_Task description_.
Exact reproduction of the data is required, with images excluded.

BEGIN Recorded information

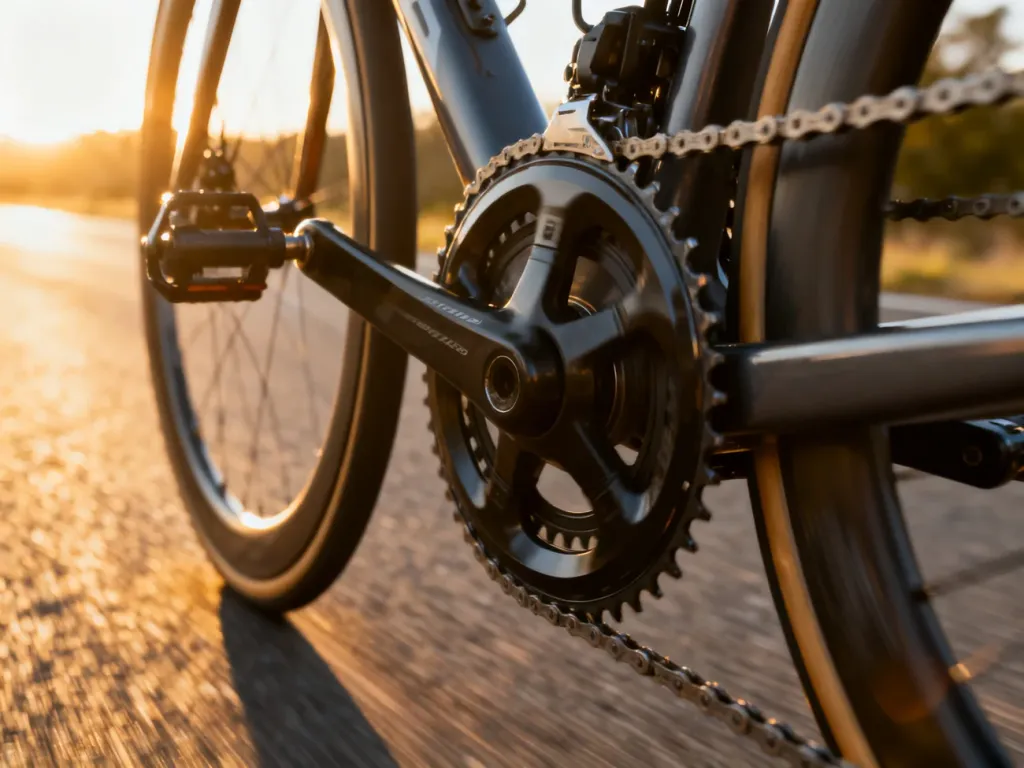 Zbliżenie na mechanizm korbowy i pedał roweru szosowego podczas jazdy w promieniach porannego słońca.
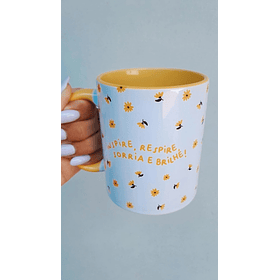 Artes Caneca Inspire e Respire Sorria e Brilhe Arquivo em Jpg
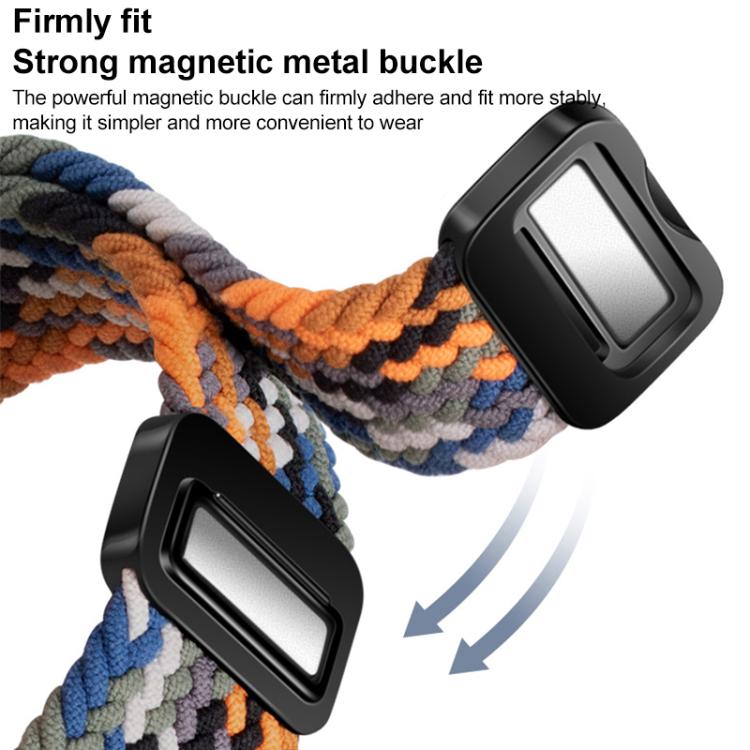 Close-up of the magnetic metal buckle on a multicolor braided nylon watch band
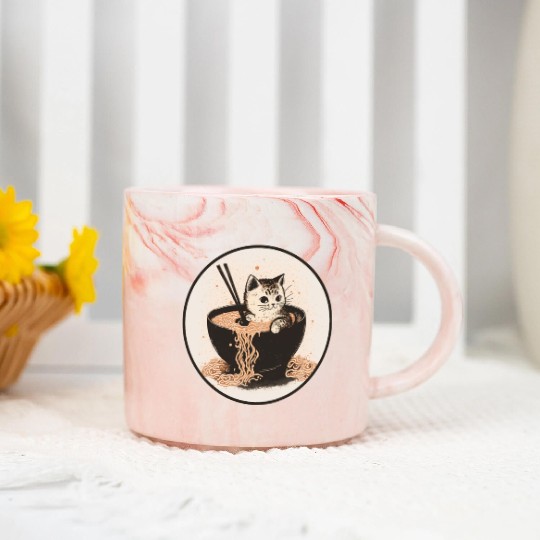 Cat Cat Ramen Noodles Cute Kitten Noodle Soup Marble Mugs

END Recorded information

_Answer_.
 Zbliżenie na mechanizm korbowy i pedał roweru szosowego podczas jazdy w promieniach porannego słońca.
 Artes Caneca Inspire e Respire Sorria e Brilhe Arquivo em Jpg
 Close-up of the magnetic metal buckle on a multicolor braided nylon watch band
 Cat Cat Ramen Noodles Cute Kitten Noodle Soup Marble Mugs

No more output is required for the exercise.